I needed to remain positive and was basically forced to trust the Holy Spirit or else friends and classmates would be in my face. And it worked. Both in terms of where I ended up and in the attitude I took in heading back home to southwest Minnesota. I became a far less cynical person and learned to trust the guiding hand of God along the way.

So this year, I am trying to give up despair and outrage for Lent.

Lately it seems like there has been a lot of fear. Some of it is legitimate. For example, I can’t imagine what young Dreamers, who trusted the system when they registered for Deferred Action for Childhood Arrivals (DACA) and are now living in the reality that their trust might be betrayed, are going through.

Some of it is the result of fabrications, prejudice and misdirection, like the fear of refugees committing terrorist acts in the U.S. (Fact: Refugees have committed zero acts of terrorism in the U.S. since the Refugee Act of 1980.)

And so often my response to that fear, whether the legitimate fears of those in the shadows or the fact that people believe the fabrications, is with pure and unbridled outrage and anger, or else despair, which is fear without hope.  And I am beginning to wonder how helpful either of those responses are.

The thing is, I know that there is so much that I cannot do to change things, simply because there are systems at work that are bigger than me. Elections have consequences, and some of what has been done cannot be undone. At least right now. So often as not, I find myself ranting, raving and tilting at windmills.

Oh, make no mistake, I believe in advocacy with all of my heart. I will call, I will speak up, and I will educate. I believe in the power of those actions and the importance of an engaged citizenry.

But I also know that unless I commit to concrete pro-active actions that make a difference, I will become filled with fear, overwhelmed by despair and driven by misdirected outrage — creating more walls instead of bridges at a time when we need to build more connections with others rather than sever the ones we have.

So what to do? One of my favorite Bible passages is, “There is no fear in love. Perfect love casts out all fear.” (1 John 4:18-19). I know my love is hardly perfect, but I also know that when I love, I am able to cast away the negativity that prevents me from being an instrument of peace.

So my commitment — to myself, my sanity and my desire to be a conduit for the kind of world I want to see — is to deliberately look for a places where I see fear and respond with love. To cast aside despair and outrage and embrace the power of goodness at work in the world.

Not random acts of kindness — but directed acts of love.

Perhaps it will be a conversation with someone expressing views I know to be inaccurate with grace and encouragement rather than judgment, tempering my reaction in order to promote dialogue as opposed to fueling my argument with righteous indignation.

Perhaps it will be to reach out in kindness to an individual who is on the margins or in the shadows, looking for ways to walk in solidarity with those who must feel profoundly alone.

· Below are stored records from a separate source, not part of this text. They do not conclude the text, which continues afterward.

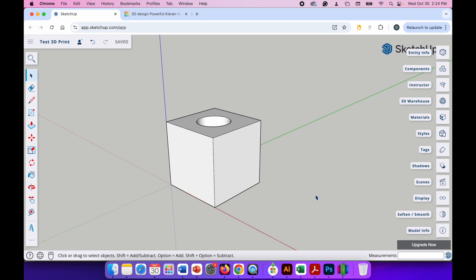Hello ladies and gents, in this video I'm going to show you how to print out in 3D a 3D model that you've created using some 3D modeling software.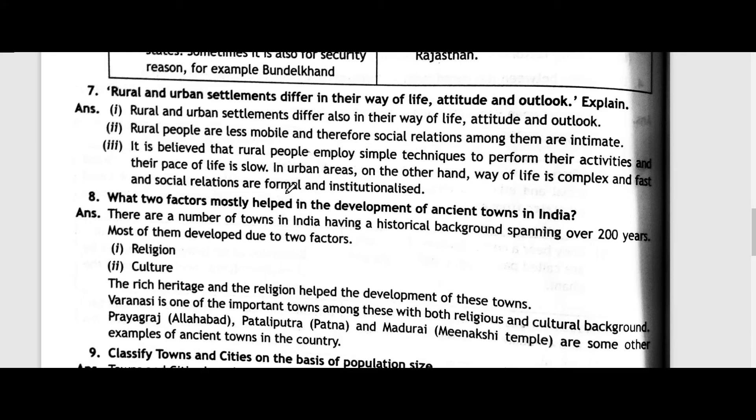Question number seven: Rural and urban settlements differ in their way of life, attitude, and outlook. Rural people are less mobile, therefore social relations among them are intimate. It is believed that rural people employ simple techniques to perform their activities and their pace of life is slow. In urban areas, on the other hand, way of life is complex and fast, and social relations are formal and institutionalized.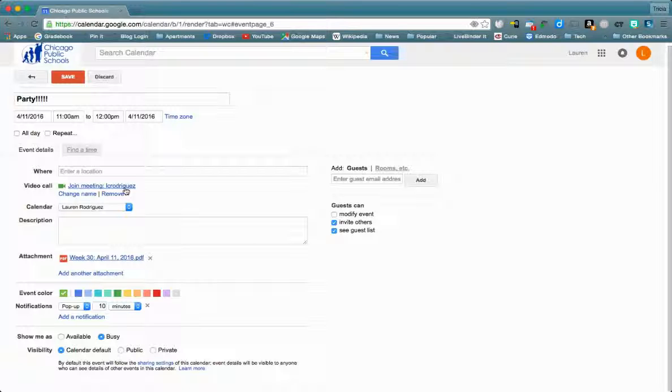I can share this with the people that I'm directly inviting, but I can also copy the URL and share that with parents.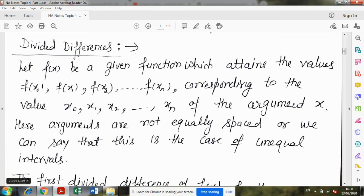जैसे वहाँ आप delta — first order difference, delta square — second order, delta cube — third order, ऐसे आपने different order के differences निकाले थे। Similar to that, ऐसे ही हम divided differences निकालेंगे — first, second, third, any order तक के।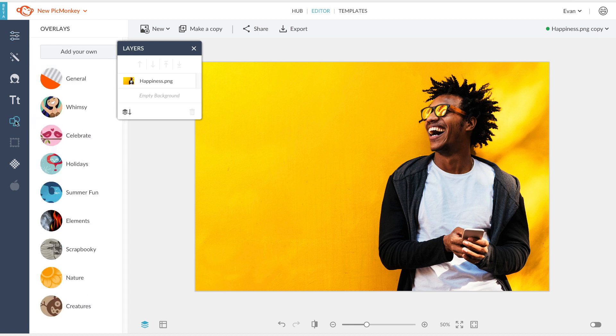Go to your overlays tab, click add your own, and either from your computer or from the PicMonkey hub you can bring in the second image you're going to want to double expose over your base image.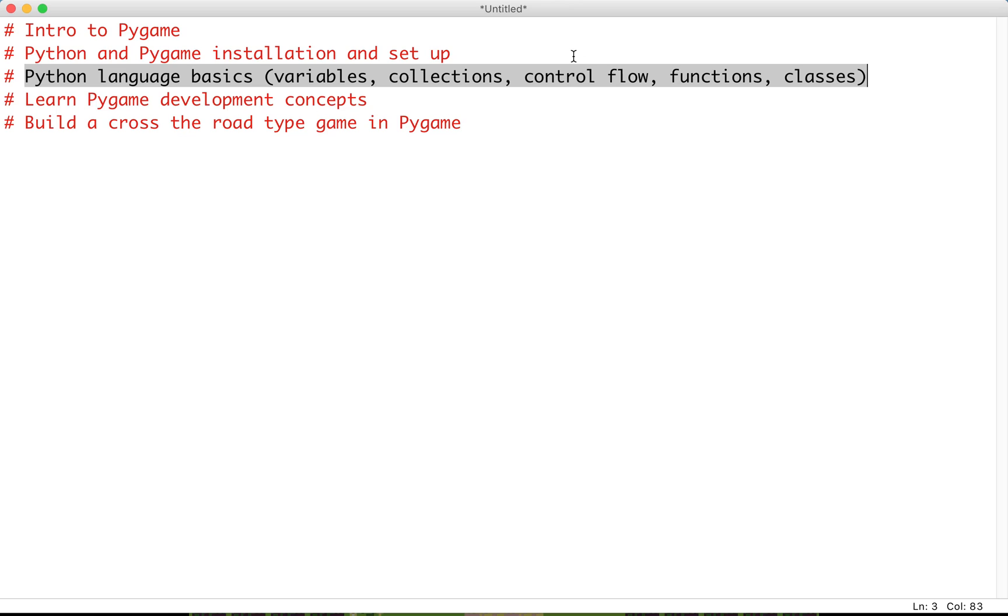Then we'll talk about control flow, so if statements, while and for loops, which is going to be fundamental for our game development. Then we'll get into the topic of functions, and finally classes and objects as one of our main course goals is to make our game object oriented.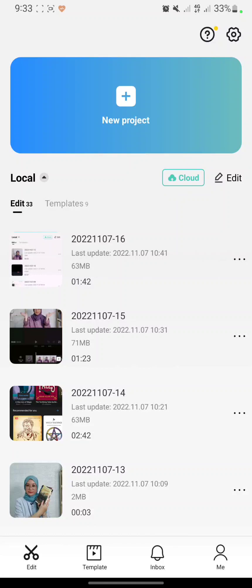Hello everyone, thank you for clicking this video. Today I will show you how to get and use templates on CapCut in just a few steps. First, open the CapCut app, then go to the Template tab.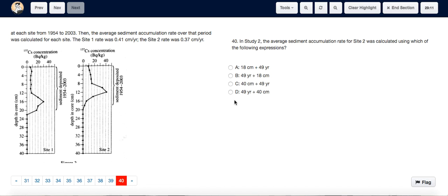For question 40, the options should actually have a division sign and not an addition sign.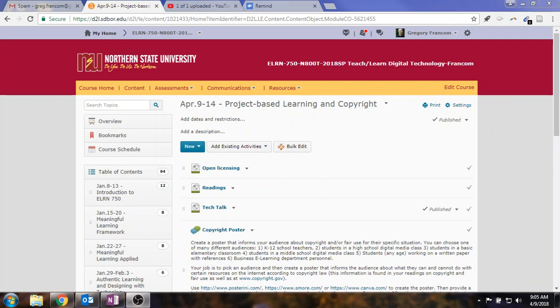Okay, it's a new week in our class on teaching and learning with digital technology. This week's topic is project-based learning and copyright. But really a lot of your learning about copyright happened last week.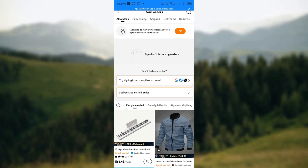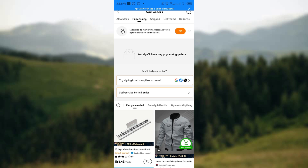Whenever you have an order placed on Temu, head over to the 'Processing' tab and you would see your orders which are going through processing and are here to be shipped.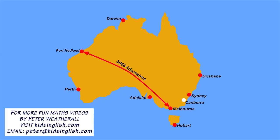That's almost the distance between Melbourne and Port Headland. That's a long trip, isn't it?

This requires being more deliberate, slowing down and looking around — but it is more meaningful to stop by the International Market and support a business by a recent immigrant than to buy a random cup of coffee for a person behind me in the line at Caribou.

Perhaps it will mean quieting a voice of rage with a vision of peace. And maybe that voice will be my own.

I just know that I need to do this — for my own sake — because I can’t survive when I am consumed with outrage and despair. It tears down my soul and weakens my spirit. It forces me to be less than what I know I am called to be.

Instead, I need to be an agent of love. I want to reflect the only thing that can cast out fear in an often very scary world and find the bravery to stay focused and stay positive rather than weighed down and defeated.

My hope is that just as those 40 days of Lent so many years ago altered my world view and allowed me to be less cynical, that these 40 days of redirection will do the same with my feelings of despair and outrage.

I am not going to turn off my Facebook feed or ignore the news of the world. To do so is to assume a place of privilege since my well-being is not being immediately compromised, as is the case for those who lurk in the shadows, live on the edge of poverty or suffer the pain of an abusive system.

But I am not going to let what is transpiring in the world take my Spirit and my joy away from me or keep me from working tirelessly as a force for good. Because that would be a cynical response. And I gave that up years ago.